Emails suggest Hong Kong booksellers were abducted

Claims indicate publishers were taken by Chinese security officials for ‘political reasons’

Graffiti of the portrait of Lee Bo, with the Chinese words saying “Who’s afraid of Lee Bo’’ on the wall at Mongkok on  in Hong Kong, Hong Kong. Mr Lee in an email  said he feared his colleague Gui Minhai had been taken  “for political reasons”. Photograph: Lam Yik Fei/Getty Images
Graffiti of the portrait of Lee Bo, with the Chinese words saying “Who’s afraid of Lee Bo’’ on the wall at Mongkok on in Hong Kong, Hong Kong. Mr Lee in an email said he feared his colleague Gui Minhai had been taken “for political reasons”. Photograph: Lam Yik Fei/Getty Images

New questions have emerged over a group of five missing Hong Kong publishers of controversial books who are thought to have been abducted and taken to Beijing for selling literature banned in mainland China.

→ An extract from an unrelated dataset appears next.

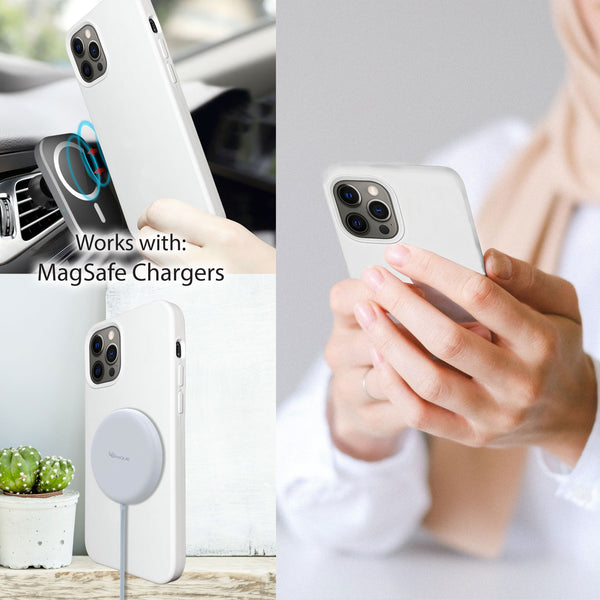 White iPhone 12 Pro Silicone Case with Magnetic Ring for MagSafe Wireless Charging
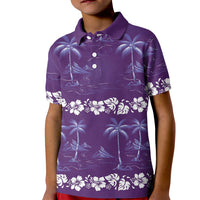 Purple Hawaii Palm Tree Hibiscus Kid Polo Shirt Fantasy Summer Vibe LT01 Kid Purple - Polynesian Pride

The booksellers later reappeared in mainland China helping police with inquiries, then made TV appearances in which they said they had not been taken across the border illegally.

However, according to an email sent by one of the booksellers, Lee Bo, there was indeed a political aspect to the case as Mr Lee said he feared his colleague Gui Minhai, a Swedish national, had been taken by Chinese security officials "for political reasons".

The email was sent to Mr Gui’s daughter Angela, which was released in local media. Mr Lee disappeared himself 10 days later.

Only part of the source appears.